The Two-party System and its Discontents

If the 2010 hung parliament came as a shock, it was largely because, in the conventional wisdom, Australian politics was conducted within a stable, two-party system. Although one carried a slightly different name, a line of descent could be drawn from the parties competing for electoral support at the beginning of the twentieth century to the parties competing in the twenty-first.1 Other parties might exist, even exert influence, but only two possessed a credible prospect of claiming government. After the ‘fusion’ of liberal and conservative groups in 1909, scholars characterised this in different ways—as a clash between ‘Labor’ and ‘non-Labor’ groups, or between ‘parties of initiative’ and ‘parties of resistance’—but most implicitly accepted the bipartisan framework.2 Even arguments challenging two-party politics often accepted that, for most casual observers, it was the familiar Australian reality.3
But while this narrative emphasised Australia’s static tendencies, less influential accounts showed a greater interest in its more fluid elements. Without rejecting the concept outright, a second thread noted that Australian history was more fitful, less linear than the simple two-party image recognised. One of the earliest studies of local parties observed that, ‘although the Australian electorate has never been divided into the multiplicity of parties which is characteristic of republican France … it has seldom enjoyed a strictly two-party system’.4 A later history described it as ‘unstable’: ‘Governments change frequently enough … but the change of fortune has so often been accompanied by party disunity, by organisational chaos and the shifting of personal loyalties that it cannot be described as an allegiance between two broad alternatives.’5
In the first fifty years after fusion, this ‘chaos’ emerged periodically, with major parties fracturing and realigning, the system rarely surviving a major crisis without reorganisation.6 Labor, the constant presence in federal politics, itself split on three occasions, the same number of times the non-Labor grouping changed its name and identity.

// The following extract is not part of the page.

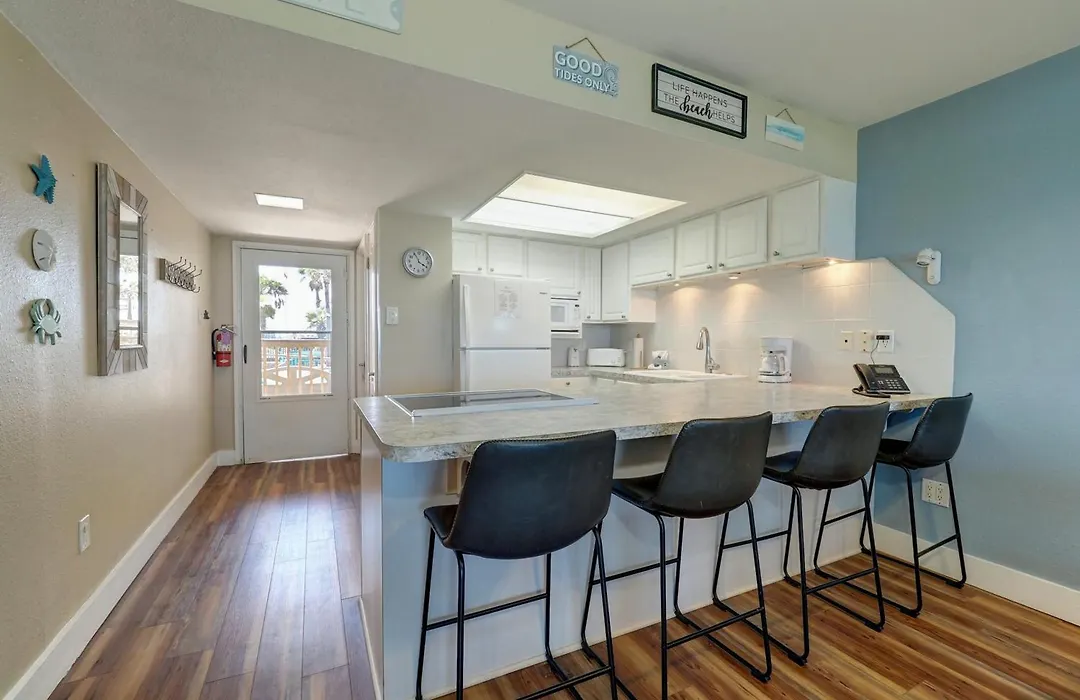 On The Beach Beachfront Condo Direct View & Access To Beach Heated Pool Island House Condominiums Unit 113-1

While the bipartisan model survived these rifts, repurposing itself to fit new social demands, cracks in the two-party system became increasingly visible over the second fifty years of federal history. Mirroring international trends, support for the major parties fell steadily, as did consistent lifetime voting patterns.7 Although still dominating executive office, their position was less certain. By 2010, major parties won just 75 per cent of the national vote, down from 90 per cent in 1975.8 In this changing climate, small parties managed to squeeze their way through these growing cracks and into parliament. Some, like the Democrats, gained a durable position of influence in the Senate, only for their support to evaporate after controversial decisions.9 Others, such as One Nation, shot to prominence on a radical platform, then collapsed just as quickly—and then re-emerged more than a decade later.10 More recently, ‘micro parties’ gained federal representation, grouped around charismatic leaders, parliamentary defectors and ambitious independents. By 2010, the most popular of these minor parties was the Greens.

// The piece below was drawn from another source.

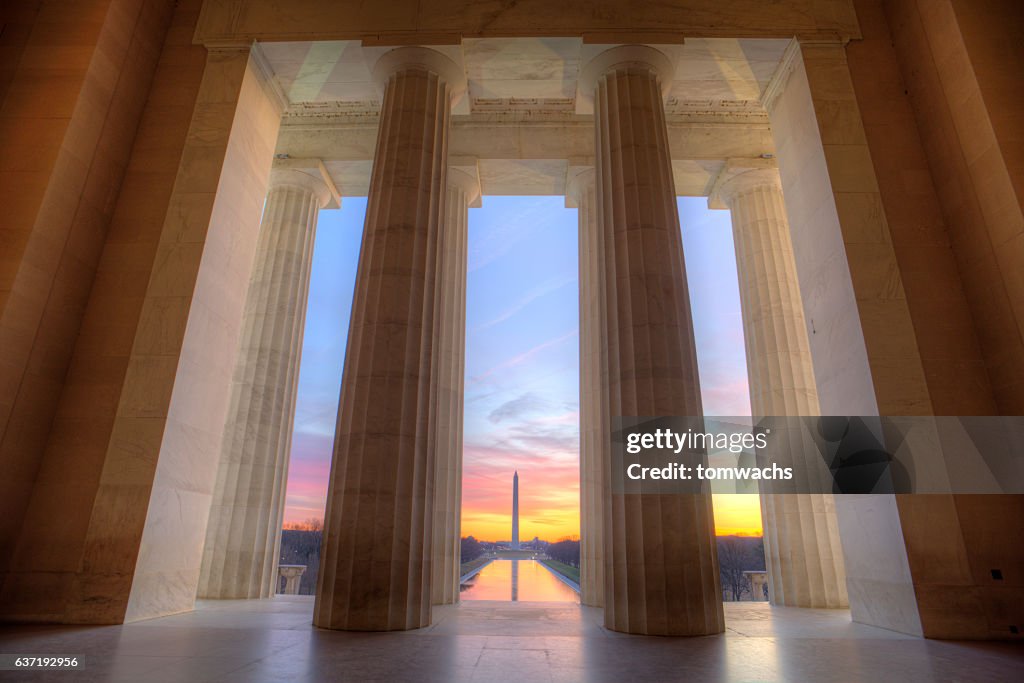 Lincoln Memorial au lever du soleil
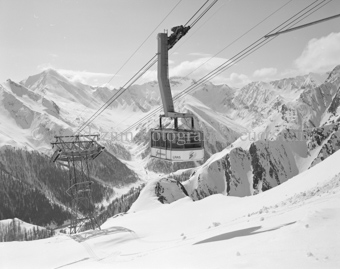 Luftseilbahngondel vor schneebedeckter Schneelandschaft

If nothing else, Australian political history is more interesting than is usually credited, littered with movements and moments complicating the two-party settlement. In some sense this is a history of the losers; those who either collapsed or were absorbed by major parties, those facing the enormous condescension of posterity. But although impermanent, each left an imprint on the party system, and each exposed the limits of bipartisan politics. Beginning with Federation and ending with Kevin Rudd’s election—from the nation’s first decade and its uncomfortable ‘three elevens’ to Labor’s run of schisms over conscription, the Depression and communism, to the staggered rise of Democrat and Greens politicians—this chapter examines the history of parties in Australia. With an emphasis on the political left, it focuses on moments of volatility in the system, when dominant formations splintered and formed anew. Some of these involved public Labor ‘splits’, others involved less obvious, more gradual shifts.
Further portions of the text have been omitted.